Didier Philippe, dans son Petit Lexique des fêtes religieuses et laïques confirme qu’il était d’usage "que le plus jeune se place sous la table et nomme le bénéficiaire de la part qui était désignée par la personne chargée du service". Ainsi, c’était à l’enfant de la tablée, incarnant l’innocence, qu’il revenait de distribuer les rôles de cette fête si particulière.

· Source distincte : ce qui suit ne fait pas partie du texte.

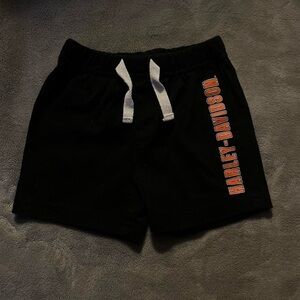 Harley Davidson black and orange shorts.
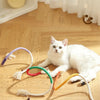 Three colorful organic cotton cat chewing ropes with tassels lying on a wooden floor.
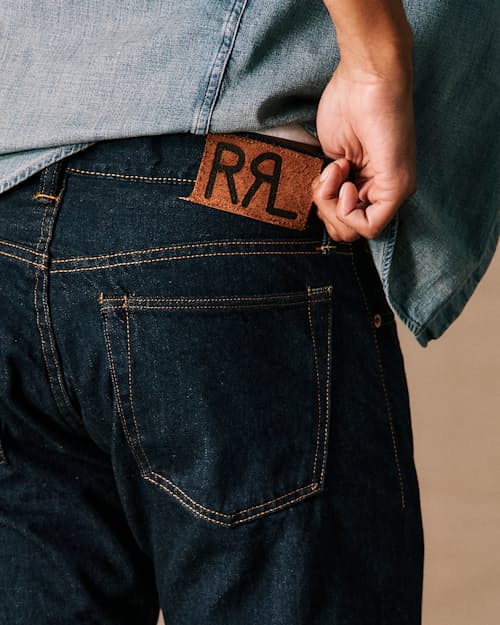 on model image of Slim Fit Selvedge Denim Jeans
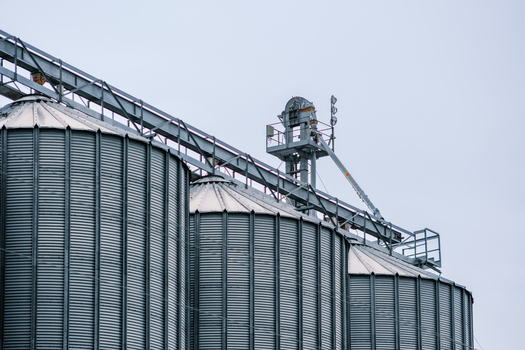 View of towering metallic grain silos gleaming under a muted sky interconnected by conveyor structures in Sremska Mitrovica Vojvodina Serbia. View of towering metallic grain silos gleaming under a muted sky interconnected by conveyor structures in Sremska Mitrovica Vojvodina Serbia.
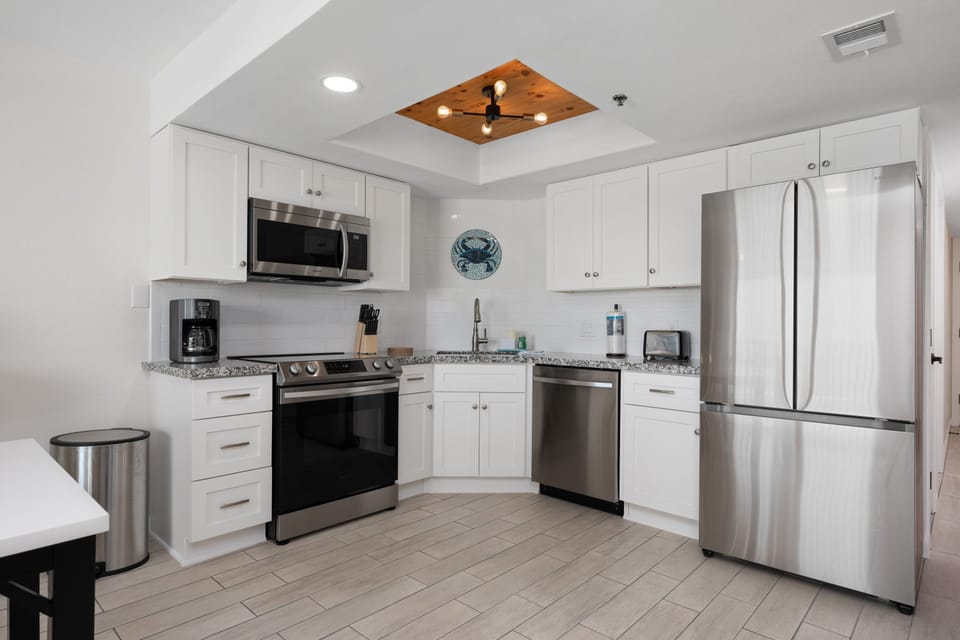 Fully stocked kitchen area with stainless steel appliances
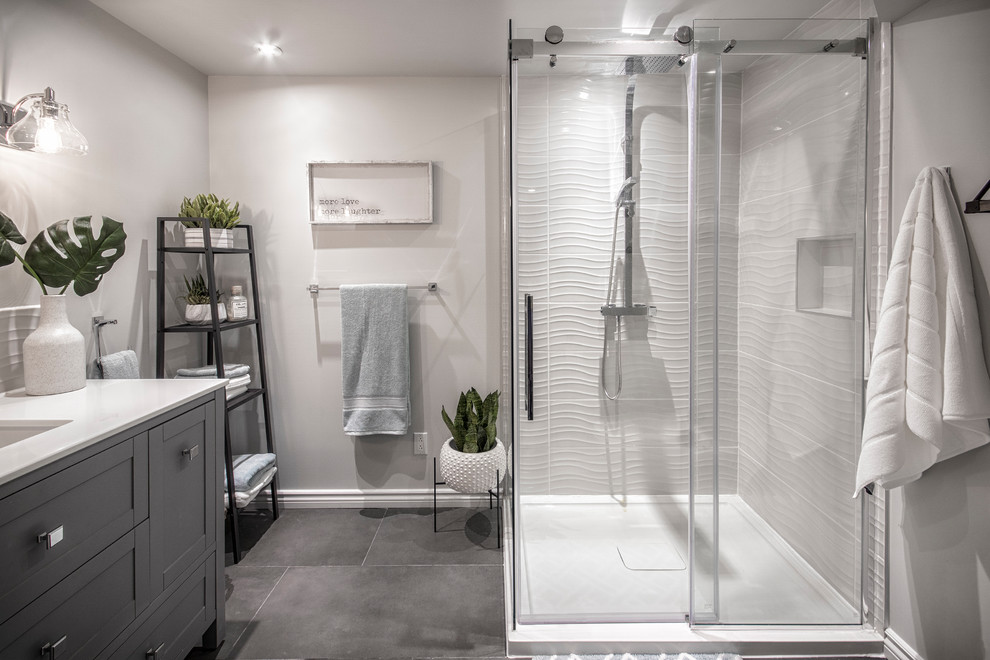 Photo of a mid-sized modern master bathroom in Montreal with shaker cabinets, grey cabinets, an open shower, a one-piece toilet, gray tile, porcelain tile, grey walls, porcelain floors, a drop-in sink, engineered quartz benchtops, grey floor, a sliding shower screen, white benchtops, a single vanity and a built-in vanity.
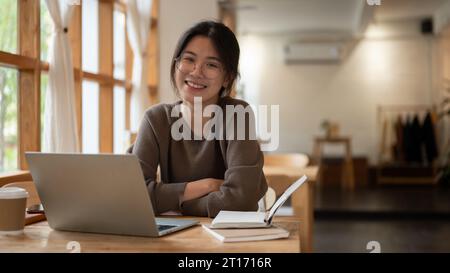 A portrait of a charming and smiling young Asian woman wearing eyeglasses sitting at a table with her laptop and books in a minimal coffee shop. Stock Photo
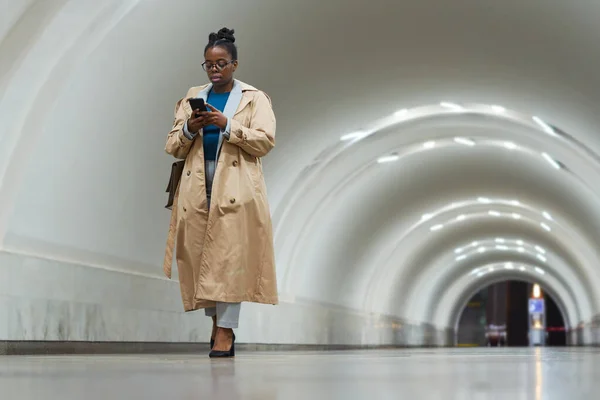 身穿米黄色风衣的年轻非洲裔美国女人一边用智能手机发短信 一边沿着宽阔而长长的地铁隧道走到站台上 — 图库照片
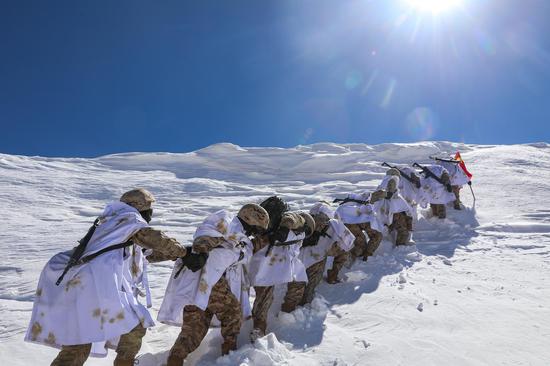 Soldiers patrol on snow-capped plateau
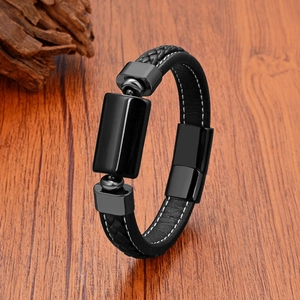 Detailansicht eines Herrenarmbands aus schwarzem Leder mit Flechtmuster und Metallelement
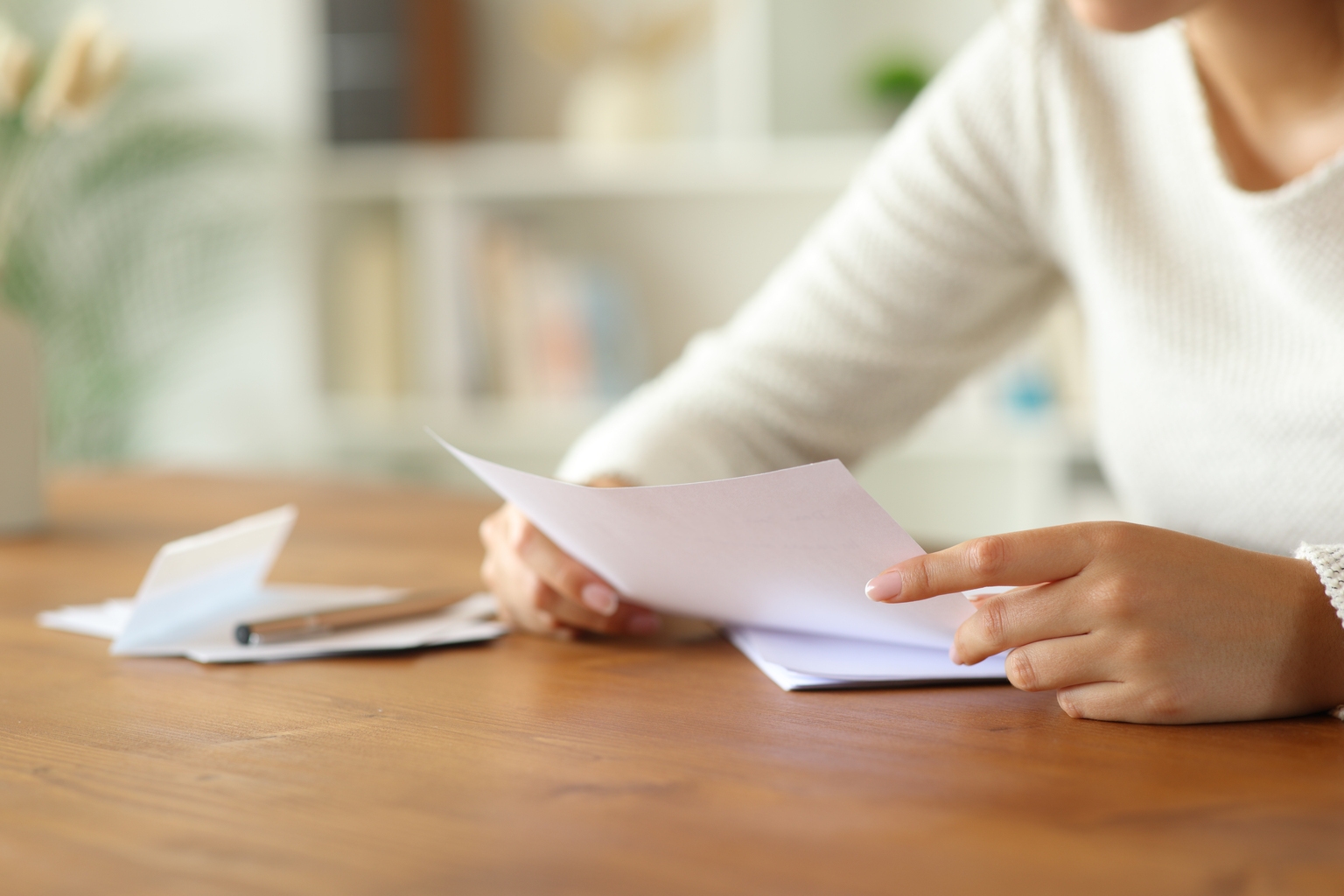 Woman hands holding and reading letter at home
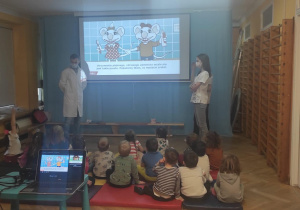 Studenci stomatologii pokazują na prezentacji zasady prawidłowej higieny jamy ustnej. Dzieci siedzą na materacach i uważnie słuchają.
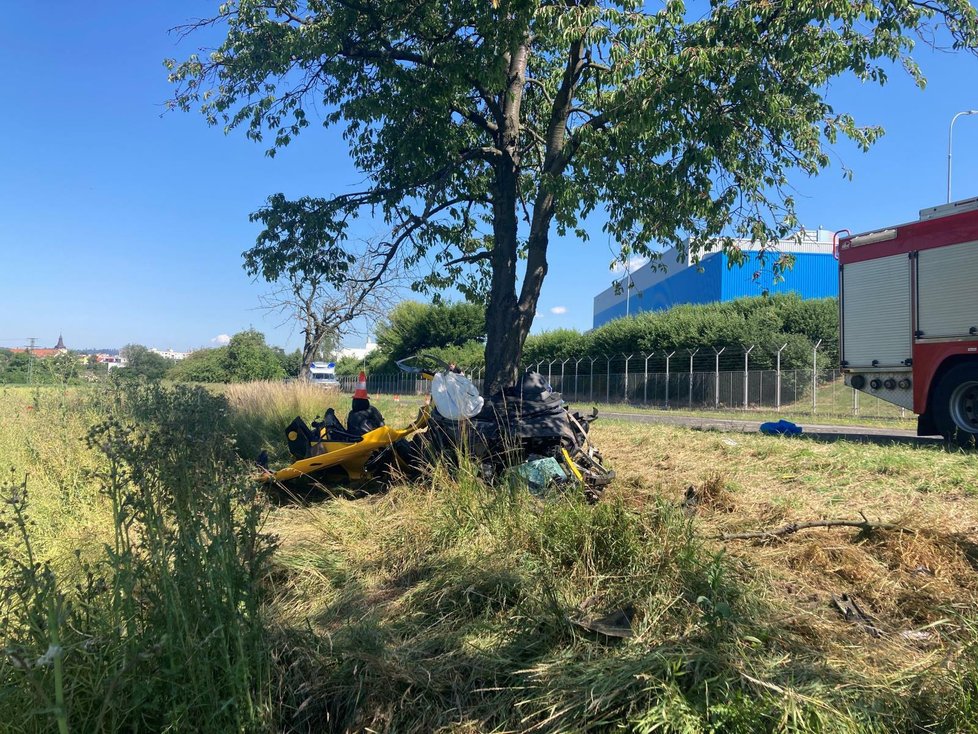 Audi R8 zůstalo po nehodě omotané kolem stromu a trosky rozházené všude kolem.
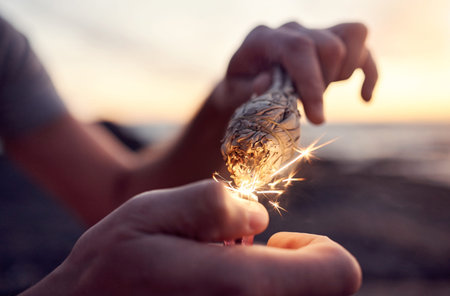 Hand, flame and sage burning at the beach for a spiritual ritual and meditation practice. Herb,...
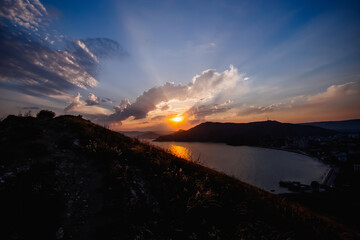 Colorful sunset in mountains. Seascape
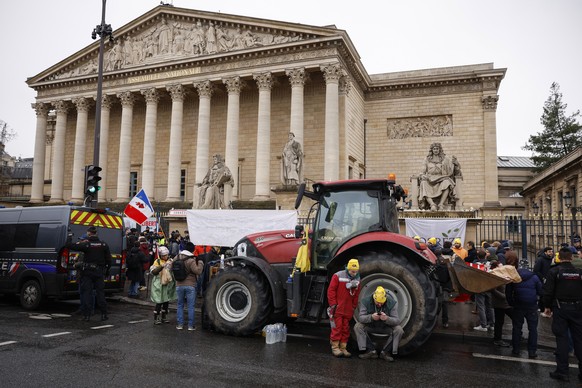 epa12636174 French farmers park their tractors by the National Assembly during a demonstration, as part of a nationwide day of protests and actions called by several farmers' unions to push the F ...
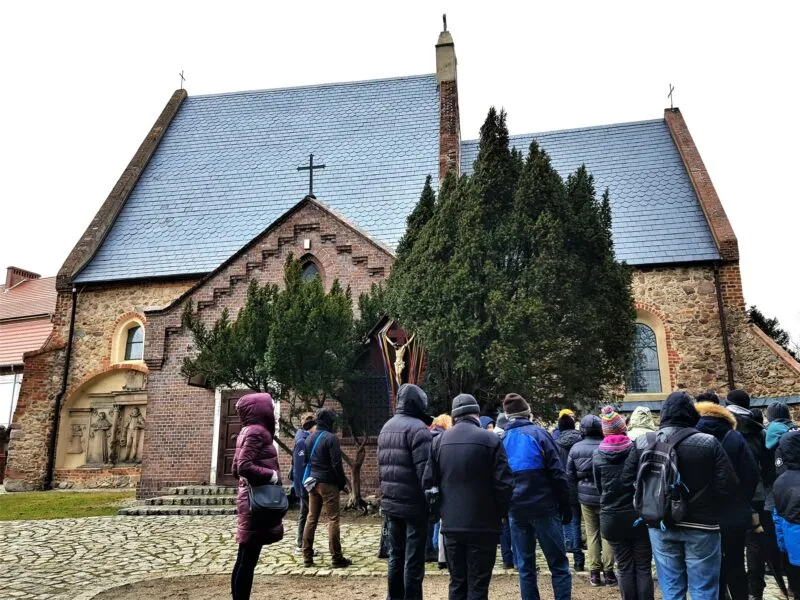 Grupa turystów stojąca przy zabytkowym kościele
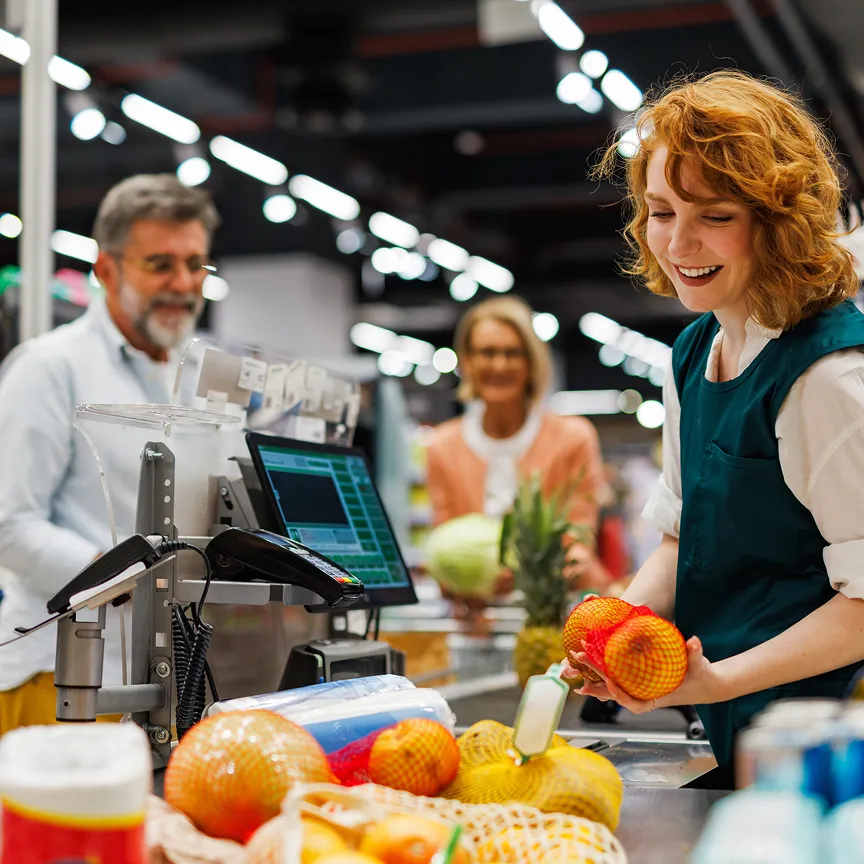 people checking out at grocery store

Une tradition devenue chrétienne ?
Le tirage des rois, qui se perpétua dans la tradition chrétienne le jour de l’Épiphanie, ne fut pas sans susciter la désapprobation d’une partie du clergé. Il fut notamment dénoncé par de nombreux penseurs protestants comme signe de superstition. Sans cesser de se diffuser dans la population… Un bel usage voulait que la galette soit partagée en autant de parts que de convives, auxquelles on ajoutait une dernière part pour le premier pauvre qui pousserait la porte de la maisonnée.
Cette "part du pauvre" ou "part du bon Dieu" rappelait l’esprit de charité de cette fête. L’utilisation de la fève pour désigner le roi remonte également aux Saturnales et a pu être combattu ici et là par l’Église en tant que persistance païenne. Une figurine représentant l’Enfant-Jésus a permis, dans de nombreuses régions, de marquer l’enracinement chrétien de cette coutume.
Et aujourd’hui ?
La galette des Rois est encore consommée par plus de 80% des Français aujourd’hui. Si elle n’est plus reçue par tous dans son sens chrétien, elle demeure un précieux moment de convivialité familiale. Déclinée dans de nombreuses boulangeries, la galette trouve également sa place sur les tables des grands restaurants.
À l’Élysée, une galette géante est en général confectionnée pour le président de la République et ses invités. Spécificité : on n’y place pas de fève car "on ne saurait désigner un roi au sein de la présidence de la République". De cette fête sécularisée, il appartient à chaque chrétien de redonner la plénitude de son sens et d’en faire un acte d’amour et de vénération envers l’Enfant-Jésus. Ce Dieu qui s’est fait tout petit homme pour nous racheter. Une belle occasion d’évangélisation, à portée de main.